Macpherson had an encyclopedic attitude to art collecting and aimed to document every aspect of maritime history through pictures. The early Netherlandish paintings are particularly fine, including a late sixteenth-century allegory of the Ship of State and Abraham Storck’s ‘Shipping off Amsterdam’.
The surplus of the public appeal was used to create the Macpherson Collection Endowment Fund which continues to be used to assist the purchase of additional works of art for the museum. Among the works purchased are a large number of paintings, prints and drawings by the noted marine artist W. L. Wyllie and an album of drawings by Gabriel Bray from a voyage to Africa in 1775.
The following works of art are taken from the many hundreds acquired for the nation by the society. A new work will be published monthly.
Featured Piece: A cow, lying down
In 1991 The Society for Nautical Research purchased an album of 73 sketches by Lieutenant Gabriel Bray and donated them to the National Maritime Museum. Bray, served as a second lieutenant on the 38-gun HMS Pallas between December 1774 and September 1775. Read more about the Bray collection at the National Maritime Museum and see a Lieutenant’s Log for Bray’s Journey to the Caribbean in 1774. The Captain’s Log also survives at the National Archives in Kew, Ref: ADM 51/667.
This lovely image is signed and dated ‘May 74 AVprGB’ (to the life by Gabriel Bray). It was probably painted by Bray near his home in Kent (possibly in Deal) where he spent the summer before joining up with the Pallas that winter. In December the Pallas set sail for Africa under the command of William Cornwallis (1744-1819), who subsequently became a famous admiral. The voyage to Africa was to check on British resources committed to the slave trade as well as other British interests in West Africa.

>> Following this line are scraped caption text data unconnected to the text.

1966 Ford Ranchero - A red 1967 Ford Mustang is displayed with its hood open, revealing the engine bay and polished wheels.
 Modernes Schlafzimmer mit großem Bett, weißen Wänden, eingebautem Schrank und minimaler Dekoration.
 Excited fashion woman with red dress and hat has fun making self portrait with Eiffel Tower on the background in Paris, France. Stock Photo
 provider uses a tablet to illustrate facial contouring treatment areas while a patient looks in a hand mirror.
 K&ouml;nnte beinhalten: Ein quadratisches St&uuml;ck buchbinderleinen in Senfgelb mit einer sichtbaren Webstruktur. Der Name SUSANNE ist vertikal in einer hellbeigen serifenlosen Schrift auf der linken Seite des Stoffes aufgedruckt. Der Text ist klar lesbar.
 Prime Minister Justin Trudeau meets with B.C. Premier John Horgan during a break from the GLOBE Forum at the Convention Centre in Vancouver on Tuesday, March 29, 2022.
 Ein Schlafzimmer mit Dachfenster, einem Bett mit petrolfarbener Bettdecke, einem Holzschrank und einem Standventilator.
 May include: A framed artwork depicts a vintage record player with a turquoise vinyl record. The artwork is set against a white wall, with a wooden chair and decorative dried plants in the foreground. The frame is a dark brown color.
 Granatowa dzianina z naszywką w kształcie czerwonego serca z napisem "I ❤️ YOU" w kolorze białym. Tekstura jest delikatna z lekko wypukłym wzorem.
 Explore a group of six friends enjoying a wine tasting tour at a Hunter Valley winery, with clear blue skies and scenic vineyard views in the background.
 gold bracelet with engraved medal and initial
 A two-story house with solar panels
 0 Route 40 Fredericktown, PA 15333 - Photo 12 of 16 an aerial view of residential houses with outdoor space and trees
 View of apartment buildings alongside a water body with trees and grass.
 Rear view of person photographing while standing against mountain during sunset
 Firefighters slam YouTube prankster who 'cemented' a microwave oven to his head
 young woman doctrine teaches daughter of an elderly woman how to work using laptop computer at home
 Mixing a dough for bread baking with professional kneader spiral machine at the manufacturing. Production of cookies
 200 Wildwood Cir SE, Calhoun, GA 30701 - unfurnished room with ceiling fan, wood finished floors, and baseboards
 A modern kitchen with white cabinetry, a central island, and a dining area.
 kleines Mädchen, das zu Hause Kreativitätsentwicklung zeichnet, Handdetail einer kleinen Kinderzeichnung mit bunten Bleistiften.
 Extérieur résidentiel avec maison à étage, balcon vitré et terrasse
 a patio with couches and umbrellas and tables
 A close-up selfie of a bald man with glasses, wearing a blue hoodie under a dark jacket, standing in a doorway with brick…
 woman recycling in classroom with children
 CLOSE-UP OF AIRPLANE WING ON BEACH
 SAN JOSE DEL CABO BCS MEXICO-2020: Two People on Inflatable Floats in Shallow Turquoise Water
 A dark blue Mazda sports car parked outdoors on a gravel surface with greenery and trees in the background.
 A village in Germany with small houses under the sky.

Bray enjoyed painting a host of subjects he came across but perhaps his interest in cattle was keen because of his experience in the navy. Both salted and fresh beef were key parts of an eighteenth century sailor’s diet. The Society has published a number of articles tackling this complex subject. This article from 1984 explores the life of John Crane (1576-1660). John Crane was appointed victualler for the navy in 1635 from the household of Charles I. He was described as an honest victualler in an age when more men died of food poisoning at sea than from enemy action. For those interested in how this affected the naval infrastructure ashore, this article form 1985 explores the archaeology of the former Royal Mint, located just east of the Tower of London, which is shown to have been a depot and manufactory of victuals for the navy from 1560. Though individual warehouses were used for storage at Chatham from 1547, this was the first naval victualling depot and manufactory in England. By 1595 London, Portsmouth and Plymouth were expected to victual 12,000 men for a five-month expedition within just four months.